§ TASK BRIEF: For every entry below, give an exact repeat and leave out the pictures.

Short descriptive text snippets
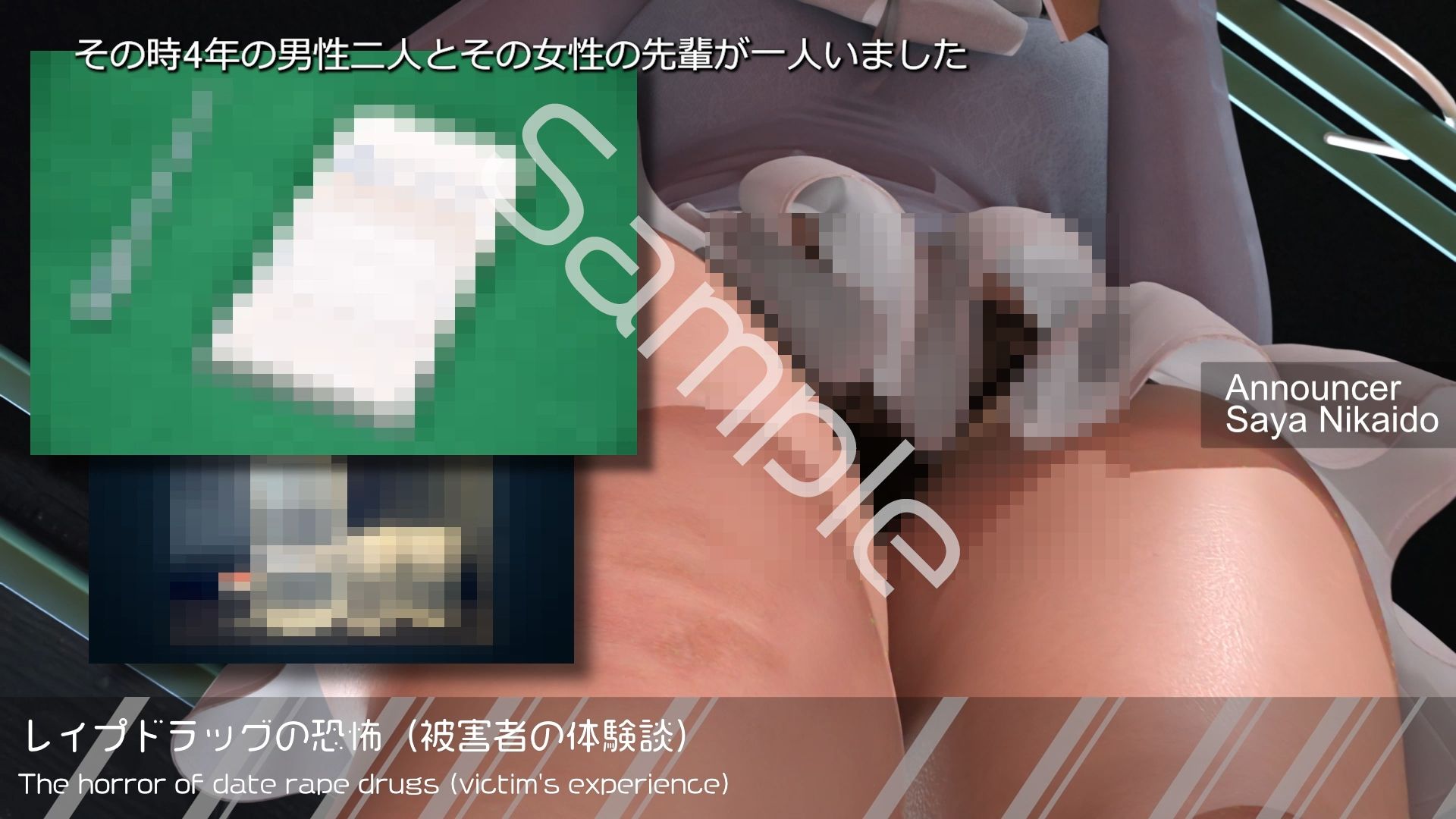 【△100】Let’s Speak English！！二階堂沙耶アナウンサーの変態ニュースジャパン（Hentai News Japan）2025シリーズ＃010-J ［レ●プドラッグの恐怖・被害者の体験談］ - サンプル画像 4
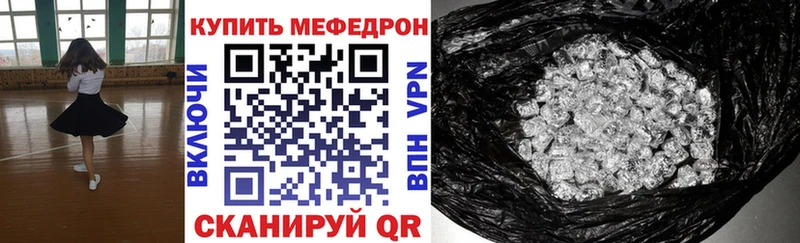MEGA сайт  Лебедянь  МЕФ кристаллы 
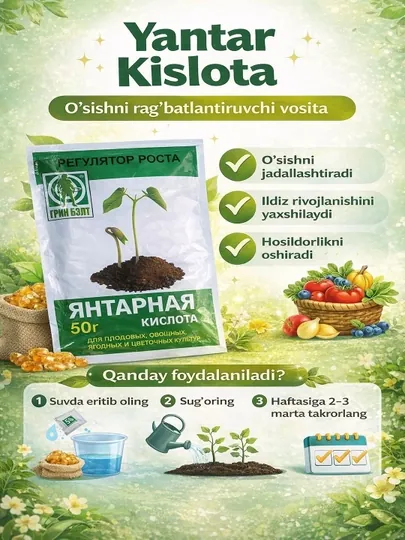Удобрение, янтарная кислота, стимулятор роста растений, 50 г
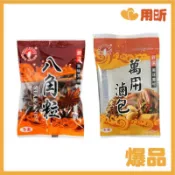 品味美食【用昕食品】新光洋菜 萬用滷包 12g 八角粒 12g 全素 居家料理 滷味香料 調味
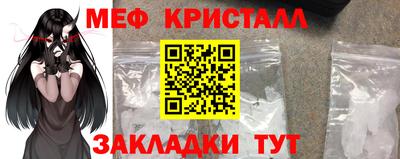 каннабис Гай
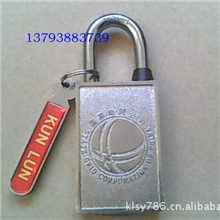 厂家供应昆仑牌大磁锁磁力挂锁电磁锁电表箱锁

§ COMPLETED TASK:
 【△100】Let’s Speak English！！二階堂沙耶アナウンサーの変態ニュースジャパン（Hentai News Japan）2025シリーズ＃010-J ［レ●プドラッグの恐怖・被害者の体験談］ - サンプル画像 4
MEGA сайт  Лебедянь  МЕФ кристаллы 
Удобрение, янтарная кислота, стимулятор роста растений, 50 г
 品味美食【用昕食品】新光洋菜 萬用滷包 12g 八角粒 12g 全素 居家料理 滷味香料 調味
 каннабис Гай
 厂家供应昆仑牌大磁锁磁力挂锁电磁锁电表箱锁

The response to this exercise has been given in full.